Lena Komileva, head of G7 market economics at Tullett Prebon, said a  
“flight to liquidity” from stocks and corporate credit into  
government bonds was being driven by renewed banking sector jitters,  
which compounded concerns about a deepening global recession.

“A sharp revision to US fourth quarter GDP growth to -6.2% [on  
Friday] ... further undermined any confidence stemming from recent  
better-than-expected economic releases, increasing trepidation ahead  
of Friday’s all-important non-farm payrolls report,” she said.

Economists have warned that a record fall in US employment is a clear  
danger for February’s non-farm payrolls data on Friday.

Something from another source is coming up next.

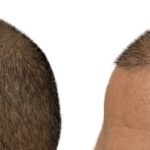 Hair Transplants Before & After Patient #699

The consensus  
forecast is for a fall of 615,000 compared with the largest monthly  
drop of 629,000 in July 1956.

Markets fully predict a 50 basis points cut from each of the UK and  
eurozone central banks, but there is a danger that this will be  
viewed as little better than treading water, especially after Mervyn  
King, head of the Bank of England, said last week that it could take  
a couple of months before more unconventional measures are approved.   
[Pure “gesture politics” here.  Savers would be even worse off  and  
it would have no infgluence at all.  As a weapon it is ‘busted’.  -cs]

John Wraith, head of sterling rates at RBC, said that in spite of  
this comment he expected approval for quantiative easing to come in  
the very near future, because the next rate cut would leave the Bank  
powerless to ease monetary policy further.
“There are likely to be increasing nerves in the [government bond]  
market in the absence of such an announcement, as even after the  
market softness of Thursday and late slide on Friday, there remains a  
lot of “QE premium” priced in at current levels,” he said.